## TASK REQUIREMENTS
The answer is to be the full listing, unchanged in every line.

## EXERCISE DATA
::::
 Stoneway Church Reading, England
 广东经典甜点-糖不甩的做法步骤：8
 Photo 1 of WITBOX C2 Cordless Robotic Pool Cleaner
::::
## FINISHED EXERCISE
 Stoneway Church Reading, England
 广东经典甜点-糖不甩的做法步骤：8
 Photo 1 of WITBOX C2 Cordless Robotic Pool Cleaner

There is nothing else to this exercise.